La crise politique qui a éclaté en août 1993 entre le président Ali Abdallah Saleh, originaire de l'ancien Yémen du Nord (11 millions d'habitants), et son vice-président, l'ancien dirigeant socialiste du Yémen du Sud (3 millions d'habitants) Ali Salim Al Beidh, s'étant envenimée vers la fin de l'année 1993, diverses tentatives de médiation, conduites notamment par la Jordanie et le sultanat d'Oman, permettent de parvenir à un compromis le 18 janvier 1994. Ce document, qui prévoit de moderniser l'État yéménite, de décentraliser les institutions, notamment sur le plan économique, d'unifier l'armée et de démanteler les milices, fait la part belle aux revendications des Yéménites du Sud, qui estiment être les laissés-pour-compte de l'unification de 1990. Mais la méfiance, qui n'a pas disparu, loin de là, entre les « deux Ali », retarde la signature de ce document qui devait être le point de départ de la réconciliation nationale. En fin de compte, sur l'insistance du roi Hussein de Jordanie, c'est à Amman qu'Ali Salim Al Beidh et Ali Abdallah Saleh signent finalement cet accord, en compagnie de 32 autres dirigeants politiques yéménites.

Chronologie

21 mai 1991 : les parlements du Yémen du Nord et du Yémen du Sud ratifient l'acte d'unification des deux pays. Janvier 1991 : le Yémen soutient l'Irak dans le conflit du Golfe. Avril 1992 : un nouveau code civil, fondé sur la loi islamique, est adopté, au mépris des traditions laïques d'Aden. 27 avril 1993 : les élections législatives donnent la victoire au président, nordiste, du Yémen unifié Ai Abdallah Saleh, dont le parti, le Congrès populaire général (CPG), remporte 121 des 301 sièges à pourvoir.

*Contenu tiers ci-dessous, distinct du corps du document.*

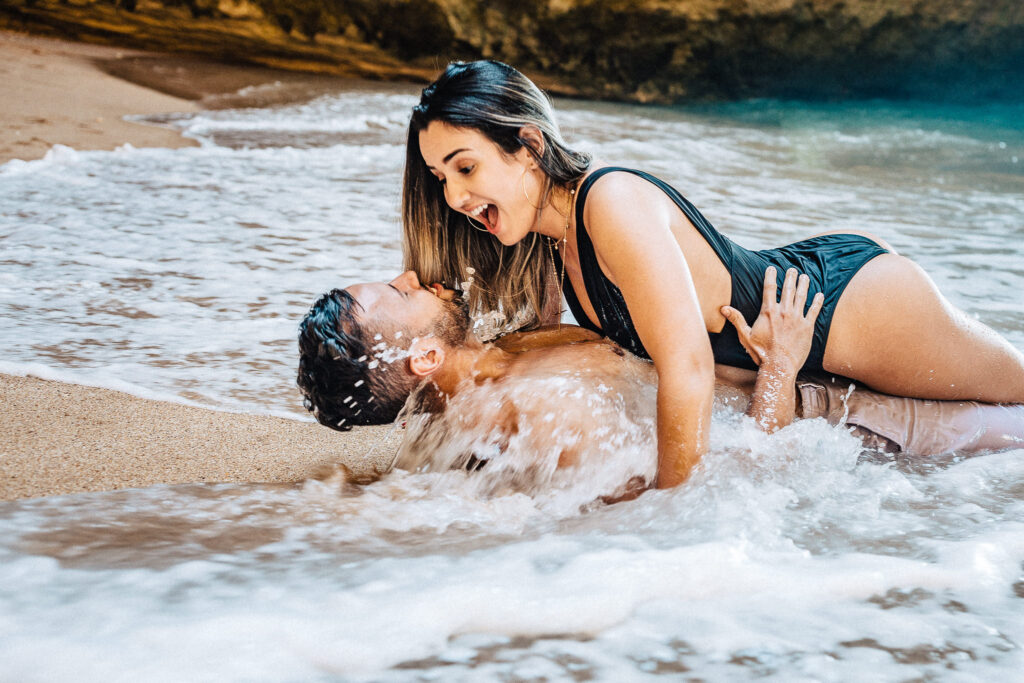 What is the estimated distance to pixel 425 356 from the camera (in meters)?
2.29

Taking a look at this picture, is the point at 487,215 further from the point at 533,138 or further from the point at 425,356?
the point at 425,356

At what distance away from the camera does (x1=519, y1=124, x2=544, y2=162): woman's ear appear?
220cm

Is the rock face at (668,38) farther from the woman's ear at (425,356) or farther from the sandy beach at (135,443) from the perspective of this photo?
the woman's ear at (425,356)

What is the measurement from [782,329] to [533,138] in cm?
83

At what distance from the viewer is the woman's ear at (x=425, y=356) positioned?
227cm

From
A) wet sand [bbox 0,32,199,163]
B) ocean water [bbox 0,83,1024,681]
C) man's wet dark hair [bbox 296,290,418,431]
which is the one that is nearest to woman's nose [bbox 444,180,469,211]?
man's wet dark hair [bbox 296,290,418,431]

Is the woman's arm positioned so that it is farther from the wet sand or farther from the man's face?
the wet sand

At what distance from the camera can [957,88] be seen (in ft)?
49.5

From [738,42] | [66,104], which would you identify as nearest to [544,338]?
[66,104]

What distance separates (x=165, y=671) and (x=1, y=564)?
459 mm

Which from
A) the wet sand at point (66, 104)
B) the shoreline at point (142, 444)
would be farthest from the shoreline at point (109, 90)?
the shoreline at point (142, 444)

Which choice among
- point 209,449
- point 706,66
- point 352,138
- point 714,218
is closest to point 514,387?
point 209,449

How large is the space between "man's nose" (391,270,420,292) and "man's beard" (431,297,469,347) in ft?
0.29

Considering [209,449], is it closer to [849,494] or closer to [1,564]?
[1,564] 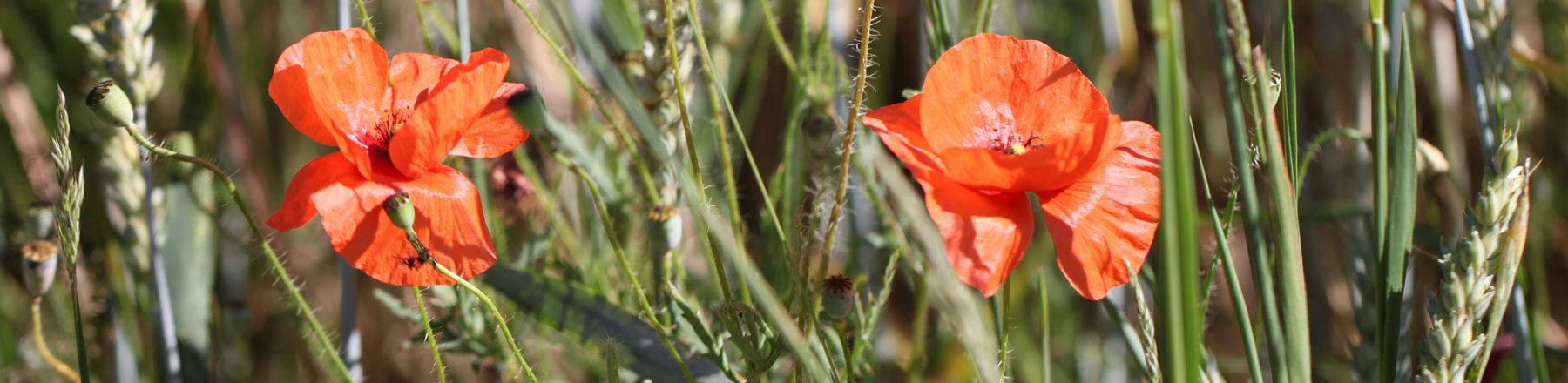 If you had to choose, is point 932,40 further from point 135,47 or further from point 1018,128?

L'accord d'Amman, conclu le 18 janvier par le « comité du dialogue » et signé le 20 février par les dirigeants politiques, prévoit l'arrestation des auteurs d'attentats et d'assassinats politiques, la suppression des barrages militaires, le retrait des unités militaires des villes, la réorganisation des forces armées, l'élection au suffrage universel des pouvoirs locaux et la division du Yémen en provinces dotées de pouvoirs étendus, notamment dans le domaine économique.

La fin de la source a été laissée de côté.